## PROMPT
Only one stretch of the records below should be repeated. It starts with the line containing "bride and groom" and goes on through the line containing "Sunlit living room", exactly as written.

Start of ENTRIES SHOWN

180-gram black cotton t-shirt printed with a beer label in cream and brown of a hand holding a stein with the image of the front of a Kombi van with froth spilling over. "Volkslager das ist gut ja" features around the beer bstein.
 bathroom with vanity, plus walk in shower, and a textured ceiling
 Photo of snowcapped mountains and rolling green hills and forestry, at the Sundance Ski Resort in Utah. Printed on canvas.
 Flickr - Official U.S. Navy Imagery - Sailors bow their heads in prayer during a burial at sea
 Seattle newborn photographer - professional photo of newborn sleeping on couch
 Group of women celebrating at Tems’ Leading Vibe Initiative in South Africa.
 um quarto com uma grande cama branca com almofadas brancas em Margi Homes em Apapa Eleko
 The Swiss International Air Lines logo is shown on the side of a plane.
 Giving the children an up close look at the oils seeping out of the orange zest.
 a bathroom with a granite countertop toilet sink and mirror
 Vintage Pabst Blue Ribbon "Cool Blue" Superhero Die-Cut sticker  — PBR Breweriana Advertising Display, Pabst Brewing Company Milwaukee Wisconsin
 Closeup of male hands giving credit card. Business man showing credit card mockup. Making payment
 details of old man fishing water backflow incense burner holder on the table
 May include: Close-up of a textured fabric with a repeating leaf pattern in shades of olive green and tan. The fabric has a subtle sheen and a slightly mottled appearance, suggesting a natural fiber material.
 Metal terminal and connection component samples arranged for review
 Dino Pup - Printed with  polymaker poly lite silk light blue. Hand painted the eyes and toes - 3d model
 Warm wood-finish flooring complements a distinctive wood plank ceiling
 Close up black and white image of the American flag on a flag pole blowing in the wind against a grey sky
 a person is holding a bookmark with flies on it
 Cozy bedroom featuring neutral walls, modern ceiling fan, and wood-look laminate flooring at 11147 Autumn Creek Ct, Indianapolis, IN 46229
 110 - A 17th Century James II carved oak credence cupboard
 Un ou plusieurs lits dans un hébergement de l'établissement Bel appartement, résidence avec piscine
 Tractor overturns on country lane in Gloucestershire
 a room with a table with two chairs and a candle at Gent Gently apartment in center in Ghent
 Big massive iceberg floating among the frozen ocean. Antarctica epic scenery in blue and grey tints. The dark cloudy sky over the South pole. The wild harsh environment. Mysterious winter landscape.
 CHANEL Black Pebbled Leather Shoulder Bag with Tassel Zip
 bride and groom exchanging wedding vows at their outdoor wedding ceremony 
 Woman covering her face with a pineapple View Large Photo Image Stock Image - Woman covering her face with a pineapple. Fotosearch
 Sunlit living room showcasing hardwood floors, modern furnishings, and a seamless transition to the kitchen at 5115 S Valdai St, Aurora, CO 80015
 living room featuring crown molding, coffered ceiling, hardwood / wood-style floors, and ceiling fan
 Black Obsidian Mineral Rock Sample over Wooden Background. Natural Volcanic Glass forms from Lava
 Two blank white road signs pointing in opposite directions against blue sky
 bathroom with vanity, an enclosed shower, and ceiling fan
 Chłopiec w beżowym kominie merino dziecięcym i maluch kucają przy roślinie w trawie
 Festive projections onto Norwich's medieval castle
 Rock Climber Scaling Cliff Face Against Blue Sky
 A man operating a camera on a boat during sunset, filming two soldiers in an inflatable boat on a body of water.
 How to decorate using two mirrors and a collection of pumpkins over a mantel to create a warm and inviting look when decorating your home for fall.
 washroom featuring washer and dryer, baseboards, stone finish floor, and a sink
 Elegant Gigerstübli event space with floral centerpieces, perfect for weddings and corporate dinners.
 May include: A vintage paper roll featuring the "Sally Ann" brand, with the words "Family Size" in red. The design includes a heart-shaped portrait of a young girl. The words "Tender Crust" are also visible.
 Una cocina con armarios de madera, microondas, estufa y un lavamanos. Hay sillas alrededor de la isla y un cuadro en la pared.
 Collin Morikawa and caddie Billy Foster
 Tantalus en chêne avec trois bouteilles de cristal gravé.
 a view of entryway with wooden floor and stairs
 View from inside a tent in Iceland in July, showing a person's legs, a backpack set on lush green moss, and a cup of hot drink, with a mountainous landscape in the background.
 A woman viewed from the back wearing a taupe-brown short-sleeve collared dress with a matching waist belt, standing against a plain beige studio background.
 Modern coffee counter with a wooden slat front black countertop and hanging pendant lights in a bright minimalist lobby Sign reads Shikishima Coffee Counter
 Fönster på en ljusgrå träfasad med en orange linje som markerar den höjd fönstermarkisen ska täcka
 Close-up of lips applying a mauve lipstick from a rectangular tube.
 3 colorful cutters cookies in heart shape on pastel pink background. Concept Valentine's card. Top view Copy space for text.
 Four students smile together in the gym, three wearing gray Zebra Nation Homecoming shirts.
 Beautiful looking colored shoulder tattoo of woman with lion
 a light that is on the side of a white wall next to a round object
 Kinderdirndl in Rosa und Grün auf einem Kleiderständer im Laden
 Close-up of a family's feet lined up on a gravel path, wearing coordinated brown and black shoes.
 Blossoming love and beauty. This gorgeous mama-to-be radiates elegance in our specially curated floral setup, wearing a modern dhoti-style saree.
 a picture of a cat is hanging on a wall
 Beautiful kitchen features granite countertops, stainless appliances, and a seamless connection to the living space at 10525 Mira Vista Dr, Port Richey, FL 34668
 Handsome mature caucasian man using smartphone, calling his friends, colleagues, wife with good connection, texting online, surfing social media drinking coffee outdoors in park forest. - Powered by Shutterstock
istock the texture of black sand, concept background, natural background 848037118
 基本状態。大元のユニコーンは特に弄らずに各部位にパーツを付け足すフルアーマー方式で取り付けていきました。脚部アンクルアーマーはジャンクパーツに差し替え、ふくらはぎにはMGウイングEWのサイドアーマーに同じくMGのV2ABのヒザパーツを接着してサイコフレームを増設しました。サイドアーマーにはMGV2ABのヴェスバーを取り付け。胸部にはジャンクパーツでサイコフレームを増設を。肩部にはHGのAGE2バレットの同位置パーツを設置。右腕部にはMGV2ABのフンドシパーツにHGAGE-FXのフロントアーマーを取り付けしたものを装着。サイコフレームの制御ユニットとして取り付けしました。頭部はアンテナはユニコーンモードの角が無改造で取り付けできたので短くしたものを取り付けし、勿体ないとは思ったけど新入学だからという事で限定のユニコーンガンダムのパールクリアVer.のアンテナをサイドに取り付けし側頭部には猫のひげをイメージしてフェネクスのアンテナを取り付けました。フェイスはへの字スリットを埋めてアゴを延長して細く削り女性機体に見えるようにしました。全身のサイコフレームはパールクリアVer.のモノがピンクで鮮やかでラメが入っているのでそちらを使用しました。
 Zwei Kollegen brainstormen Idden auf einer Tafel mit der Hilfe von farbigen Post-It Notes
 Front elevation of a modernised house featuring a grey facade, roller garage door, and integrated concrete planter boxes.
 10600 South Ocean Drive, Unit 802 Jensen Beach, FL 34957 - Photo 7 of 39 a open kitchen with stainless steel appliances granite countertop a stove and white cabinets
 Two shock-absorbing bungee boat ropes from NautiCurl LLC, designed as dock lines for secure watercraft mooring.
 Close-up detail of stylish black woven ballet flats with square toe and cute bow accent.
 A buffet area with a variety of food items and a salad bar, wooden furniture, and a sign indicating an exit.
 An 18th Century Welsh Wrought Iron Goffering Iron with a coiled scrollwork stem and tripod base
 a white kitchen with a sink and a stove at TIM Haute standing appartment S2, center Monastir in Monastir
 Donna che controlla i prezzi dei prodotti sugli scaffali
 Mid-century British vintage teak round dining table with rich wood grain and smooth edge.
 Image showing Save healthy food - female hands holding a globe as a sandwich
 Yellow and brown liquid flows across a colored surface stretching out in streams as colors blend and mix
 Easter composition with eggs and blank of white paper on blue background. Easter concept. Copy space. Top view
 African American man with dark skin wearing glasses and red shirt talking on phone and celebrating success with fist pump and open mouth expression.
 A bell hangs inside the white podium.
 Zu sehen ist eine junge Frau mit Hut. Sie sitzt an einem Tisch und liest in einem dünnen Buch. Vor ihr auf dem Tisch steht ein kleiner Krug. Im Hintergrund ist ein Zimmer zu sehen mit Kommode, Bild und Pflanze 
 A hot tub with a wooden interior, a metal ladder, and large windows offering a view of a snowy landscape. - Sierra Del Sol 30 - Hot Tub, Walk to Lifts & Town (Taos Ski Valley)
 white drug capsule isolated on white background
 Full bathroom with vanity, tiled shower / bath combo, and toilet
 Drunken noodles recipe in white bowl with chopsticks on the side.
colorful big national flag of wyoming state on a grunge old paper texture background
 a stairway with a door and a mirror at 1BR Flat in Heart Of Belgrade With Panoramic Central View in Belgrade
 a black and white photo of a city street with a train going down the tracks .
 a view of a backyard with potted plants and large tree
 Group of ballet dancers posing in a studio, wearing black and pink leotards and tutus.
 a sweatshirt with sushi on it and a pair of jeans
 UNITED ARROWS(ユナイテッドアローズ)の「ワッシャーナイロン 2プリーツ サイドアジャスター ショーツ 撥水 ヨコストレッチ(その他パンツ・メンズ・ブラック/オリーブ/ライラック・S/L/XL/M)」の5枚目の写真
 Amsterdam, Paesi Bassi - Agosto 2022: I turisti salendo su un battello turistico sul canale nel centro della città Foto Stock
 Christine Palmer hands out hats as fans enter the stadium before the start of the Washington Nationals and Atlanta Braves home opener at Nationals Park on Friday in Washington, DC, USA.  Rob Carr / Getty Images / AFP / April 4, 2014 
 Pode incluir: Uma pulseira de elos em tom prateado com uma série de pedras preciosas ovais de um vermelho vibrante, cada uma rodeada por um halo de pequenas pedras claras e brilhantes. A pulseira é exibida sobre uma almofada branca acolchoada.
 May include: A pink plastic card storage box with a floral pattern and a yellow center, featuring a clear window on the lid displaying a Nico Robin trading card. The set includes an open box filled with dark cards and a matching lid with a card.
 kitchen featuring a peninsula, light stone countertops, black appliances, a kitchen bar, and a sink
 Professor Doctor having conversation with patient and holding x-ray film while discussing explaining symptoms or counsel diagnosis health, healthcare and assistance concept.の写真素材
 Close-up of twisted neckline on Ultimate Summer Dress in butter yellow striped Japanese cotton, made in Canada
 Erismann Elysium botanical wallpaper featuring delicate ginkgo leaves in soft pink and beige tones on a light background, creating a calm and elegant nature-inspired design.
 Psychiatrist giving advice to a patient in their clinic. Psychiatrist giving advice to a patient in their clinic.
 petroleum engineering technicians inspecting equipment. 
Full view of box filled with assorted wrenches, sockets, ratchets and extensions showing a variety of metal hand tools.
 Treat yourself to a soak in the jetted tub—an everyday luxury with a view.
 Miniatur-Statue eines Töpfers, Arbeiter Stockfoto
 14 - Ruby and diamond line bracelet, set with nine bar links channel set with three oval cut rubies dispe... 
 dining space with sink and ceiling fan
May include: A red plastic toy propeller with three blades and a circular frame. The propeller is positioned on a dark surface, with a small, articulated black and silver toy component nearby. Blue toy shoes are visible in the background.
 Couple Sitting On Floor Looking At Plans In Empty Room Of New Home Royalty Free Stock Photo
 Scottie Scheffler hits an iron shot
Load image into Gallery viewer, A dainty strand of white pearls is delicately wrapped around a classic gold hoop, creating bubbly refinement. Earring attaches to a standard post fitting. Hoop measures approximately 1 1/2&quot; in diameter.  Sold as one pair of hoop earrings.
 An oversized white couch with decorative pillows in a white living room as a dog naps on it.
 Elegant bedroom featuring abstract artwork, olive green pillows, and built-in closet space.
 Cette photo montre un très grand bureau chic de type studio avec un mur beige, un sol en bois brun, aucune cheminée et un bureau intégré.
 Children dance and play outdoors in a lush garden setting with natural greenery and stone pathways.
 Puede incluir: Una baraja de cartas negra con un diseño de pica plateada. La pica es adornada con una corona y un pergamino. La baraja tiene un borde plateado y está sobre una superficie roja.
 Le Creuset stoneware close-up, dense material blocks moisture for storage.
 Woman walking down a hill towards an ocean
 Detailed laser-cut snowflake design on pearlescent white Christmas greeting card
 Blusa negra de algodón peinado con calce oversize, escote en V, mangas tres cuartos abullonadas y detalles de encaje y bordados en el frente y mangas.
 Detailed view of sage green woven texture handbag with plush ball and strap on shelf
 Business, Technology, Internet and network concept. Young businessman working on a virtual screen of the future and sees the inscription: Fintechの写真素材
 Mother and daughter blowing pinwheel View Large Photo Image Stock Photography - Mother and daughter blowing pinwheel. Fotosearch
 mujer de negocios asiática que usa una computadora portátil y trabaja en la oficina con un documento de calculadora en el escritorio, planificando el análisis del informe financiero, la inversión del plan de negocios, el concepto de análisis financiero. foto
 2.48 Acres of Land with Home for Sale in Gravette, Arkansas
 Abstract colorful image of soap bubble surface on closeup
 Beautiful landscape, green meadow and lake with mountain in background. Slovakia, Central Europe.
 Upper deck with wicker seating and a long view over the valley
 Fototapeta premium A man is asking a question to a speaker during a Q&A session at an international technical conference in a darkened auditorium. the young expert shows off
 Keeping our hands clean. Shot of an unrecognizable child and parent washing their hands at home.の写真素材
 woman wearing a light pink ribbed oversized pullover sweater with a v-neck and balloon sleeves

End of ENTRIES SHOWN

## RESPONSE
 bride and groom exchanging wedding vows at their outdoor wedding ceremony 
 Woman covering her face with a pineapple View Large Photo Image Stock Image - Woman covering her face with a pineapple. Fotosearch
 Sunlit living room showcasing hardwood floors, modern furnishings, and a seamless transition to the kitchen at 5115 S Valdai St, Aurora, CO 80015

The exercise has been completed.